The Madrid attacks were conducted from the University Campus and Casa de Campo. On the south, General Varela’s troops began a movement to cut the road to Valencia, while troops from the northeast reached Guadalajara, where the “Battle of Jarama” took place, marking one of the most difficult moments in February 1937. Varela’s troops managed to cross the Jarama River but could not take the road, which remained open until the end of the war.
The “Battle of Guadalajara” aimed to take Madrid. The Italian general Roatta was rejected by the Garibaldi International Brigade. Madrid could not be taken, and the fronts were maintained throughout the conflict.
The North
Mola was responsible for directing operations in the north. The idea was to attack the Basque Country, Cantabria, and Asturias, diverting Republican troops north and checking out Madrid. On April 26, 1937, the “bombing of Guernica” occurred. In August of that year, Santander and Asturias fell. The northern Republican army tried to cross enemy lines and reach government territory; many took to the bush, fighting as guerrillas known as “maquis.”

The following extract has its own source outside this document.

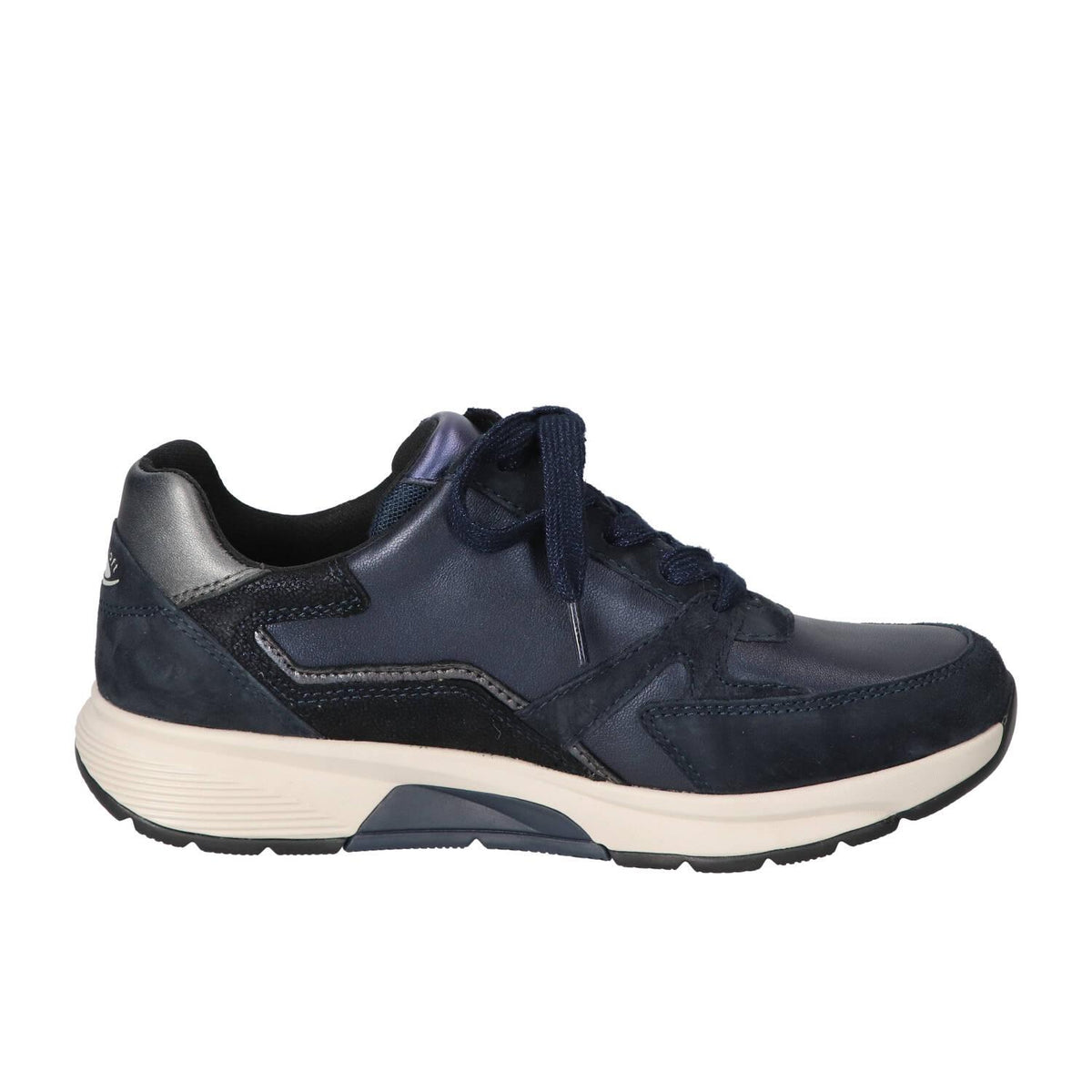 Sneakers, Blauw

The Republic’s Counteroffensive
The Republic’s counteroffensive occurred with the battles of Brunete and Belchite in an attempt to save the north of Spain by distracting Franco’s troops. They organized a counteroffensive in Teruel, which was taken in 1937 but was subsequently lost.

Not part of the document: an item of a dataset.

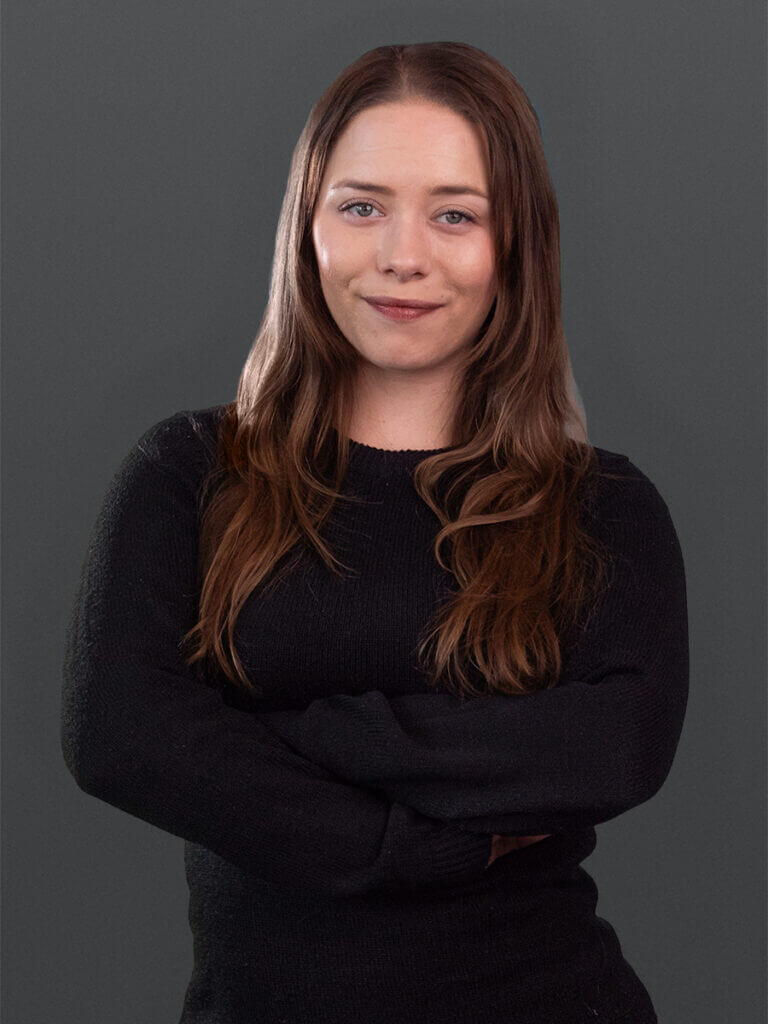 Trade in | L’équipe derrière Trade in | Tradein Anna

The Battle of the Ebro (1938)
Republican forces attacked on the way to Zaragoza. They fought for more than three months, ending with Franco’s victory. This meant the fall of Catalonia. Manuel Azaña, who was already outside of Spain, decided to resign. With the fall of Catalonia, the exodus across the French border began.
The End of the War
By the end of 1938, only Madrid and Levante remained under Republican control. In February 1939, France and Britain recognized the Burgos government, and other countries followed later. Colonel Casado began discussions with Burgos (Franco’s government) to reach peace. On April 1, 1939, Franco announced the end of the war and held a victory parade in the capital. The last Spanish city to fall to Franco was Alicante.